La contraprestación que obtenía el arrestado por conectar a estos pedófilos consistía en recibir monedas virtuales (tokens o fichas), canjeables en la propia web por regalos, que también utilizaba para pagar un mejor posicionamiento de su 'contenido' en la red; es decir, las reinvertía para captar a más clientes.
Avanzadas las pesquisas, los agentes lograron identificar a este hombre que residía en la calle de Federico Rubio y Galí del distrito madrileño de Tetuán, la misma donde se encuentra la Jefatura Superior de Policía de Madrid.
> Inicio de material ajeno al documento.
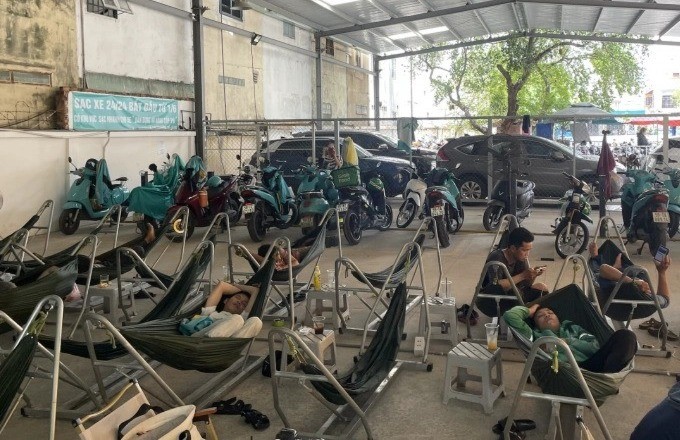 Quán cà phê kết hợp với trạm sạc ở đường Phan Văn Trị, quận Gò Vấp, TP HCM, trưa 22/7. tram-sac-1-893.jpg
Fue detenido en diciembre y en el registro realizado en su domicilio se intervinieron dos teléfonos móviles donde se encontró gran cantidad de material pornográfico. El juez lo ha enviado inmediatamente a prisión, acusado de corrupción de menores consistente en la producción, tenencia y distribución de pornografía infantil y agresión sexual. El detenido tiene antecedentes penales por otro tipo de delitos.
Los agentes no ha podido determinar hasta ahora que la menor fuera violada por su progenitor, aunque si han conseguido pruebas que acreditan que la niña era víctima de abusos sexuales por parte de su padre en las sesiones premium en la web porno. La menor está siendo asistida en el CIASI de la Comunidad de Madrid, un centro especializado en víctima de abuso infantil.
La Policía Nacional recuerda que dispone del correo electrónico -www.denuncias.pornografía.infantil@policia.es- con el objetivo de involucrar a la ciudadanía en la lucha contra los delitos relacionados con la pornografía infantil de forma anónima y confidencial.
En los últimos dos años este canal ha recibido más de 5.000 mensajes que han sido analizados por especialistas. En muchos casos han originado operaciones policiales de éxito.